Bij lagere plantensoorten, zoals mossen, varens en algen, wordt de voortplantingscel vaak aangeduid met de term “zaadcel”. Deze zaadcellen zijn verantwoordelijk voor het bevruchten van de eicel, waardoor er uiteindelijk een nieuwe plant ontstaat.
In tegenstelling tot hogere planten, zoals bloeiende planten en bomen, hebben lagere plantensoorten vaak een meer primitieve voortplantingscyclus. Bij deze planten zijn de zaadcellen meestal klein en beweeglijk, waardoor ze zich kunnen verplaatsen naar de eicel voor bevruchting.

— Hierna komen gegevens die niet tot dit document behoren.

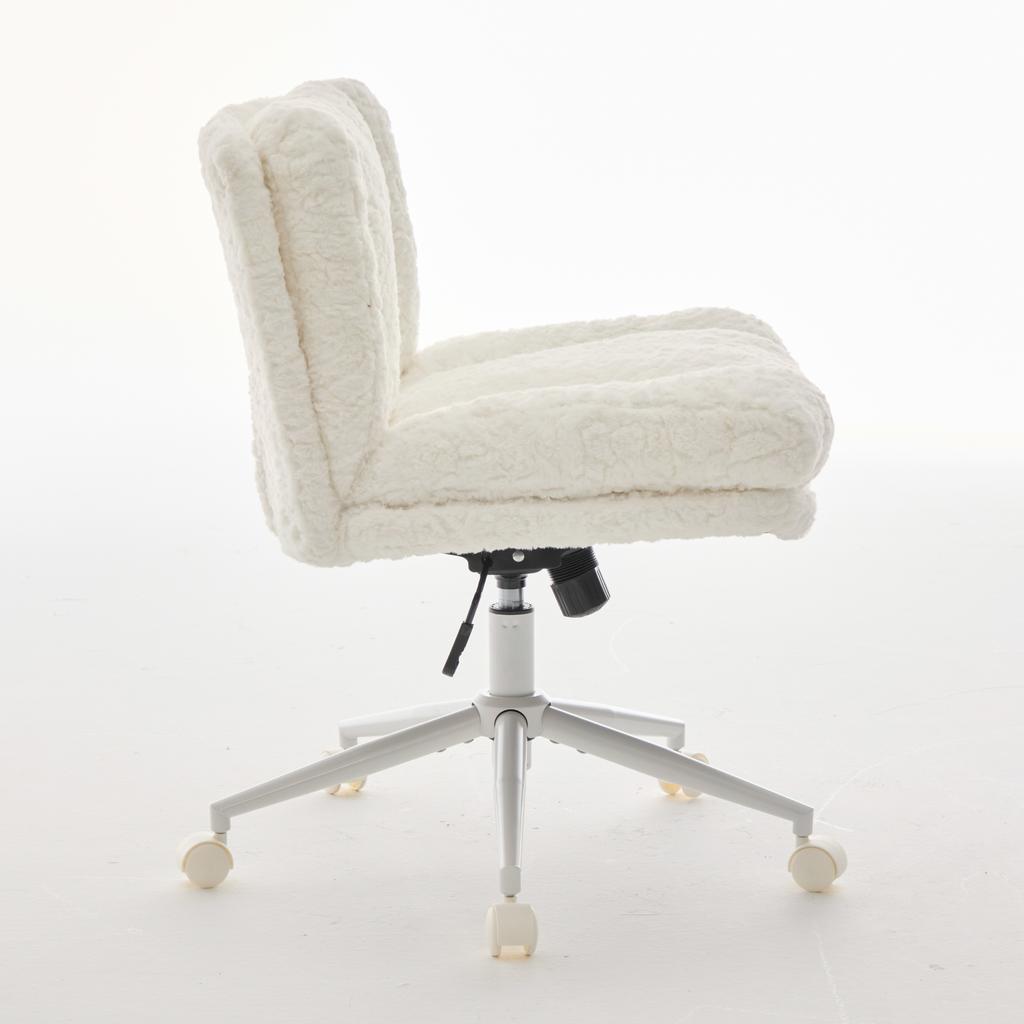 W26.4 inch Wider Seat Office Chair,Artificial rabbit hair Home Chair with Metal Base,Adjustable Desk Swivel Chair,Vanity Chair(Cream) ,DE1875CM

Het proces van voortplanting bij lagere planten is vaak minder complex dan bij hogere planten, maar het is nog steeds essentieel voor de voortplanting en overleving van deze soorten. Zaadcellen spelen een cruciale rol bij het overbrengen van genetisch materiaal van de ene plant naar de andere, waardoor er genetische diversiteit ontstaat binnen populaties.
Dus, bij lagere plantensoorten wordt de voortplantingscel vaak aangeduid als een zaadcel, die een belangrijke rol speelt bij het voortplantingsproces en de verspreiding van genetisch materiaal binnen deze planten.